Gogol Bordello and the Hives: an amphetamine freak’s dream bill. The two bands did indeed live up to the hype about their energy before a large crowd at Paris’s Zenith Sunday night. But the show left me pondering the incredible difference between live shows and recordings.
Gogol Bordello are special. Their slogan is cleverly diffusible near and far: Gypsy Punk Revolution. They serve a mesmerizing combination of spectacle and musical mayhem. The effect is an audience that looks as if they are at some crazy-ass Christian revival full of enraptured souls speaking in tongues. They have plenty of on stage exemplars. GB brought a couple of female dancers decked out in their best Halloween gypsy outfits, running in place so violently yet limberly as to raise their knees to their chins — at about 100/mph.
Sergey Ryabtsev adds a remarkably virtuosic punk violin, while Yury Lemeshev provides the accordion, and together they accomplish the palpable gypsy component of their sound.
But these traditional folk sounds and rhythms are accompanied by more typical punk guitar, drums, shredded acoustic guitar, and scruffy vocals from what looks like the Balkan Iggy Pop — Ukrainian-born-DJ-actor-gypsy punk icon, Eugene Hütz. GB are to traditional gypsy as the Pogues were to Irish folk. The gypsy sound is a natural for punkification, since it’s already often wild and fast in its roots (as many have already learned from the exports of Goran Bregovic). Add a wild, bare-chested, svelt but sinewy mustachioed front man, pouring wine on his shoulders and drinking from the bottle, and they make something unique and unforgettable.

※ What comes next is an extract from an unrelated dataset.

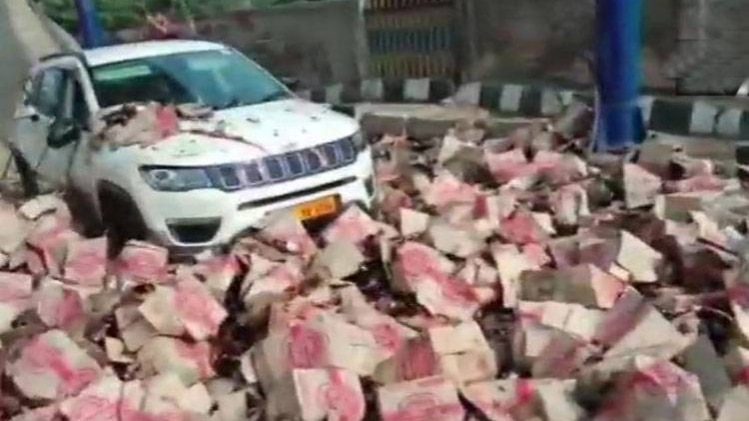 टोल प्लाजा से टकराया बीयर से भरा ट्रक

There are more and more bands out there trying to mix gypsy sounds with punk and reggae (and the rap, dub, and metal doses injected into some GB songs), but they can’t match the creativity and unruliness of this bunch. I’ve been going to and writing about shows in Paris for four years now, and never before have I seen the local frogs leaping around as at the GB show. The sound is irresistible.
After GB, I was pretty sure I was going to have to write one of those concert reviews that claims the opening band blew the headliners away. But the Hives were worthy of their hype. The modish-looking lads strode out on the stage to a roaring applause, and thus began one of the most theatrical shows I’ve ever seen. I’m tempted to say 90% of their act is lead singer Howlin' Pelle Almqvists’ inter-songs banter and his intra-song aerobic set. His testosterone-injected cheerleader kicks and fancy footwork would give smooth Beck a run for his money. Guitarist Nicholaus Arson also does his share of crowd flirtation, jumping around and strumming his guitar hyperbolically. Vigilante Carlstroem and the comically named Dr. Matt Destruction add their steady but less flamboyant guitar riffs and bass. They seem older and quieter — the band's backbone — by comparison to the singer, other guitarist, and drummer.







Article comments
1 - El Bicho
Nice piece. I saw The Hives when they came through Calif and they had the same high energy you mentioned. If you don't have fun at their shows, it's you that is the problem.
2 - jayson
Thanks El Bicho! Was a lot of fun, despite some minor criticisms.